--- ABOUT THIS EXERCISE ---
Copy each line below in which the string "Black" occurs.

--- Records contained in a dataset ---
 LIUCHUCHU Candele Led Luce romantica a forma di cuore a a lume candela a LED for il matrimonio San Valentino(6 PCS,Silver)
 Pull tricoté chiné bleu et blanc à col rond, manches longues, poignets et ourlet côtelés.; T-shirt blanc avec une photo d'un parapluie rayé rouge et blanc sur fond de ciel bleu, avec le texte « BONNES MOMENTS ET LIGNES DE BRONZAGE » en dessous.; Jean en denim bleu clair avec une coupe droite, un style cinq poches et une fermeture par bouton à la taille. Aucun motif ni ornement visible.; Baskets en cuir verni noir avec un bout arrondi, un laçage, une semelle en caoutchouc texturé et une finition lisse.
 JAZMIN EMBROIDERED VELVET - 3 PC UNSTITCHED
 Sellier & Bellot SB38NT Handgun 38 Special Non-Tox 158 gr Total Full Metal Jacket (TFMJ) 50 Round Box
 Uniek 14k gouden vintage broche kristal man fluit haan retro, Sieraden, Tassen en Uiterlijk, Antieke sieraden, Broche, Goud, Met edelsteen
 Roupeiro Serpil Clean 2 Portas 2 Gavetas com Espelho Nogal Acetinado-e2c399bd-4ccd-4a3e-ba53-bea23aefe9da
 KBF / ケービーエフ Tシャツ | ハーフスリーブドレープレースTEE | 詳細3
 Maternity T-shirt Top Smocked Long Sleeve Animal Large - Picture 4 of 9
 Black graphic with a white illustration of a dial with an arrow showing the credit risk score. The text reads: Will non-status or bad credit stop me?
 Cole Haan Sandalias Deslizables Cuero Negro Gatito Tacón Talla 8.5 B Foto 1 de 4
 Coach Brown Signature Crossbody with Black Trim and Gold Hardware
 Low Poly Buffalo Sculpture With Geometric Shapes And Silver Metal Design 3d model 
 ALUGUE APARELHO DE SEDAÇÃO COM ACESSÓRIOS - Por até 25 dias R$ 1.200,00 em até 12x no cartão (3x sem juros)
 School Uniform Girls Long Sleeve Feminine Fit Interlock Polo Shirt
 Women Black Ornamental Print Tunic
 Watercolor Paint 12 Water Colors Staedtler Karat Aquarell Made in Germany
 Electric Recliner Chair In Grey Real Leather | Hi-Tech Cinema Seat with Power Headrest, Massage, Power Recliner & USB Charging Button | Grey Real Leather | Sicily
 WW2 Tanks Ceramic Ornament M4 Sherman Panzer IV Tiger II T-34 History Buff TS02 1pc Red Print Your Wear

--- WRITTEN RESPONSE ---
 Black graphic with a white illustration of a dial with an arrow showing the credit risk score. The text reads: Will non-status or bad credit stop me?
 Coach Brown Signature Crossbody with Black Trim and Gold Hardware
 Women Black Ornamental Print Tunic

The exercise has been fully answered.